Une grande connaissance de l'islam
Cinquième d'une famille de neuf enfants, profondément catholique, Miguel Ángel Ayuso Guixot est né le 17 juin 1952 à Séville, en Espagne. C'est précisément la culture de cette ville andalouse, où la tour de la cathédrale -l'une des plus grandes églises du monde- était auparavant le minaret d'une grande mosquée, qui a fortement influencé sa sensibilité, ainsi que son environnement familial. Dans un premier temps, il fréquente le collège St. Antoine Marie Claret et passe une année au petit séminaire de Séville. Il s'inscrit ensuite à la faculté de droit de l'université de la ville, tout en continuant à fréquenter l'Église et les retraites spirituelles pour les jeunes. C'est là qu'il entre en contact avec la revue et les publications des Missionnaires Comboniens du Cœur de Jésus et décide, en septembre 1973, d'entrer dans la congrégation.
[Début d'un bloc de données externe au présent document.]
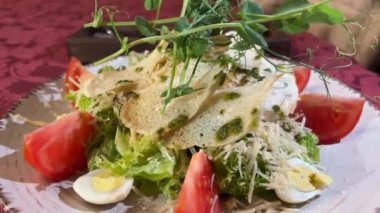 Sezar salatası croutons mikroyeşil bezelye domatesleri beyaz tabak üzerinde kırmızı masa örtüsü bir restoranda bıldırcın yumurtası marul ve sos bir restoranda yenir. çatal bıçağı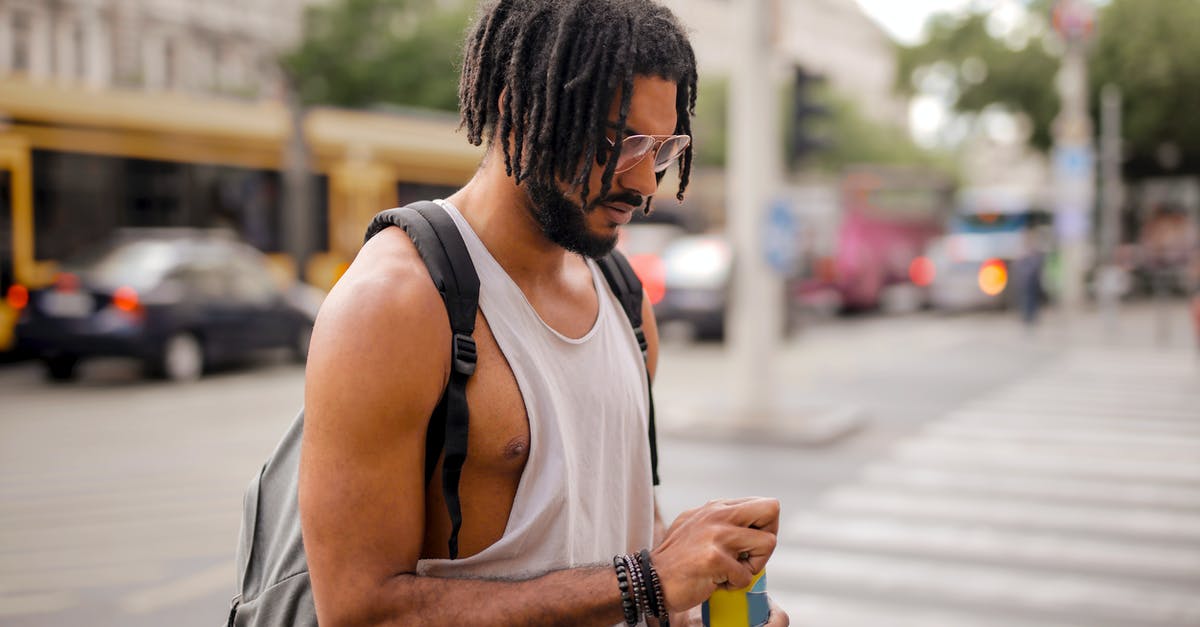 Can I change the appearance of my character? - Confident adult Hispanic male traveler in sunglasses and casual clothes with backpack opening can of drink while walking along pavement against blurred cars driving along street and empty crosswalk in downtown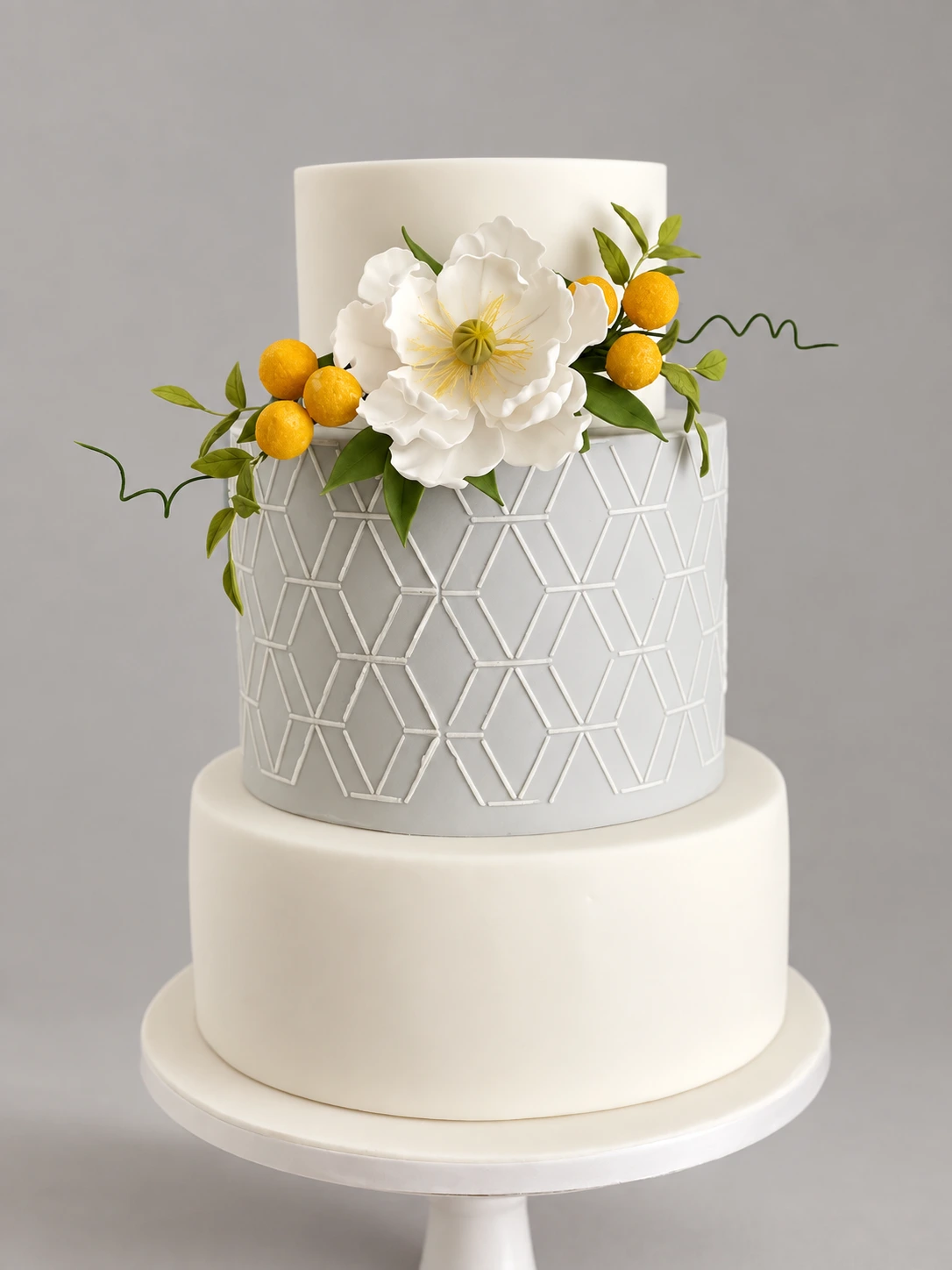 Two-tier ivory and pale grey cake with geometric lattice and a large white sugar peony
Il fait sa profession perpétuelle le 2 mai 1980 et est ordonné prêtre le 20 septembre de la même année puis poursuit ses études à Rome, à l'Université Pontificale Urbanienne et à l'Institut Pontifical d'Études Arabes et Islamiques (Pisai), où il obtient sa licence en 1982.
En octobre de la même année, il part en mission pour l'Égypte, curé au Caire dans la communauté latine du Sacré-Cœur à Abbassia, non loin de l'Université Al-Azhar, se consacrant à l'accueil et à l'assistance des jeunes catholiques soudanais présents dans la capitale égyptienne en tant qu'étudiants, migrants ou réfugiés politiques. Cette expérience le conduit ensuite au Soudan au moment de la guerre civile. En 2006, il devient doyen du Pisai.
En 2007, Mgr Ayuso est nommé consultant auprès du Conseil pontifical pour le dialogue interreligieux. Cette année-là, le cardinal Jean-Louis Tauran en est nommé président. En 2012, le Pape Benoît XVI le nomme secrétaire du dicastère. Suite au décès du cardinal Tauran, François le nomme préfet le 25 mai 2019. Une succession presque naturelle à la tête du Conseil pontifical qui s'occupe des relations avec les autres religions. À partir de là, ce fut une succession d'engagements, de voyages aux quatre coins du monde pour témoigner auprès des musulmans, hindous, bouddhistes, sikhs, shintoïstes, confucéens ou des religions traditionnelles de la possibilité d'établir un dialogue fraternel et de travailler ensemble, en se considérant «tous frères».